John Grymes or Grimes (1691 – November 2, 1748) was a Virginia planter and politician who served in both houses of the Virginia General Assembly, first representing Middlesex County in the House of Burgesses (1718-1722) and on Virginia Governor's Council (1726-1748).

==Early life and education==
The elder of two sons born to the former Alice Townley (1675–1710) of Gloucester County (granddaughter of burgess Augustine Warner) and her husband John Grymes (Grimesby, 1660–August 28, 1709). His grandfather, Rev. Charles Grymes (1612-1661) had emigrated from England to then-large Gloucester County, Virginia. The family included a younger brother Charles Grymes (1693–1743) and sisters Anne (1689–1730; who never married) and Elizabeth Lucy Grymes (1692–1750) who married John Holcomb, and whose son (also John Holcombe) would serve in the House of Virginia Delegates, as would several of this man's grandsons.

==Career==
Their father built a plantation called "Grymesby" in Middlesex County, which this man inherited when he reached legal age, along with all his father's lands in Middlesex, Gloucester and King and Queen Counties. He built a plantation he called "Brandon" in that county, which he operated using enslaved labor, as had his father.
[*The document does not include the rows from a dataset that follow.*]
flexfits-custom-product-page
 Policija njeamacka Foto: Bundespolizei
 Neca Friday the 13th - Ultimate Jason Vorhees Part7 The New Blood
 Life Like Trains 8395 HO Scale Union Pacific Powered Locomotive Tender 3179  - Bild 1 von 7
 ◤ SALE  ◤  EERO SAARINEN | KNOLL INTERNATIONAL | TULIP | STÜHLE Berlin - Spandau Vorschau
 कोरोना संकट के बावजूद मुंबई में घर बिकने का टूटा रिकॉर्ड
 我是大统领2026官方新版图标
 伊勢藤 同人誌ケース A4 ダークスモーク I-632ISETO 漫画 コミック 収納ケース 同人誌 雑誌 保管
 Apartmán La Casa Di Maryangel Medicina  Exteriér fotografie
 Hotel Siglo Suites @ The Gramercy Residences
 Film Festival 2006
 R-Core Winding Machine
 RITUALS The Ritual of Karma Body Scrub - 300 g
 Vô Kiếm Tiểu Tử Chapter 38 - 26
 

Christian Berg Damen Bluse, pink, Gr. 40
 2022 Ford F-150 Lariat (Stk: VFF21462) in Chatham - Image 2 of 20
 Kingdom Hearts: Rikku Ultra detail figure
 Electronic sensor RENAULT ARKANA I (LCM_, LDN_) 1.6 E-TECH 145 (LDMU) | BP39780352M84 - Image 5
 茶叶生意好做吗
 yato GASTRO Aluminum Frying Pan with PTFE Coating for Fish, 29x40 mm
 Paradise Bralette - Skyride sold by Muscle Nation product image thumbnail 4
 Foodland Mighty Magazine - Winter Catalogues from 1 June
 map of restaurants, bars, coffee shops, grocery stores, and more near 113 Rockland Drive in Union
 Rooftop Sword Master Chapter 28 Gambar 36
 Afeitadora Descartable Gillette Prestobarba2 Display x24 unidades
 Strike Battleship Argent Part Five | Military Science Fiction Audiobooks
In 1717 Middlesex County voters elected John Grymes as one of their delegates in the House of Burgesses, where he served alongside fellow planter Gawin Corbin and was re-elected once. In 1726, Grymes received an appointment to the Virginia Governor's Council, and served until 1748. He briefly served as the colony's auditor general in 1718 and the colony's receiver general from 1732 until his death.

==Personal life==

Coat of Arms of John Grymes

On December 22, 1715, at her father's Green Spring plantation near Williamsburg, John Grymes married Lucy Ludwell (1698-1748), the daughter of wealthy merchant and planter Philip Ludwell. They had five sons and four daughters, of whom about half survived to adulthood and had children. Their eldest son, Philip Grymes (1721-1762), married Mary Randolph to cement his family's ties to the First Families of Virginia and succeeded his father both as governor's councilor and as Brandon's owner. Although his namesake son John never reached adulthood (or died at a plantation also named Green Spring in Louisa County, Virginia in 1749) and Charles died as a boy in 1727, this man hired a painter to portray his youngest sons, Benjamin Grymes (1725-1774; who moved to Spotsylvania County, which he represented in the House of Burgesses) and Ludwell Grymes (1733-1795). His daughters included: Lucy Ludwell Grymes (1720-1792) who married burgess Carter Burwell and Alice Grymes (1724-1746) who married burgess Mann Page II, as well as Hannah (who may not have married), and Sarah (who died as an infant).

==Death and legacy==
Grymes died on November 2, 1748, and his widow on March 3, 1749. Both are buried at Christ Church in Middlesex County, on whose vestry this man had served for decades.